Material for this task:
====

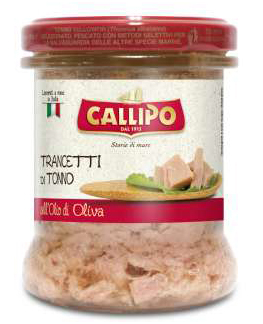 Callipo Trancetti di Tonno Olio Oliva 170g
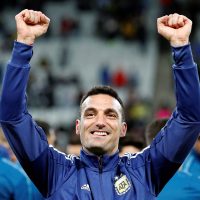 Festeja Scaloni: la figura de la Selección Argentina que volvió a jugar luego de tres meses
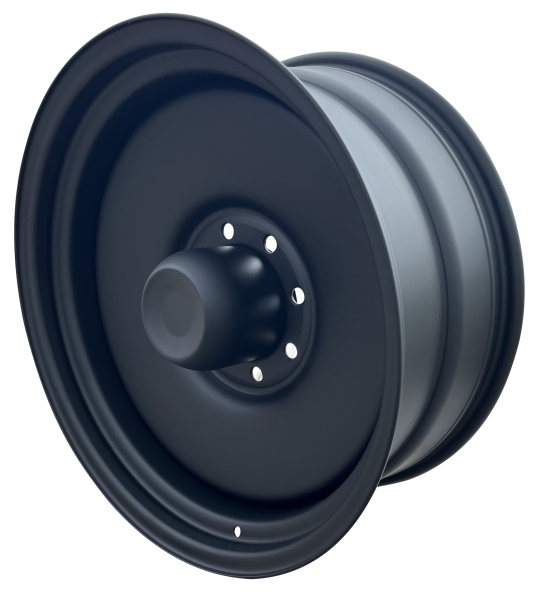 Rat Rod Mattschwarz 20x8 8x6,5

====

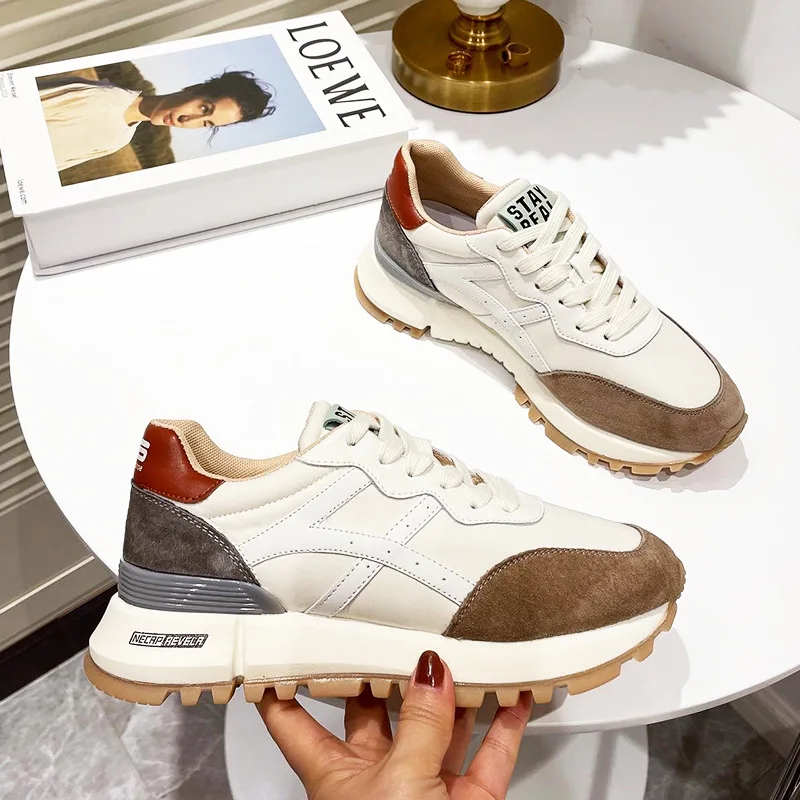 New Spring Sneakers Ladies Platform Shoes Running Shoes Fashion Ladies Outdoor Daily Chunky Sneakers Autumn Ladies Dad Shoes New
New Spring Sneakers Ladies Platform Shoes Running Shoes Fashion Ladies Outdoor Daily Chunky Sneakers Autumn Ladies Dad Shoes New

====

Instructions for the task: After locating the line containing "Festeja Scaloni: la" in the entries above, return it and every line after it exactly, ending at the line containing "Rat Rod Mattschwarz 20x8 8x6,5", without pictures.

Problem solution:
 Festeja Scaloni: la figura de la Selección Argentina que volvió a jugar luego de tres meses
 Rat Rod Mattschwarz 20x8 8x6,5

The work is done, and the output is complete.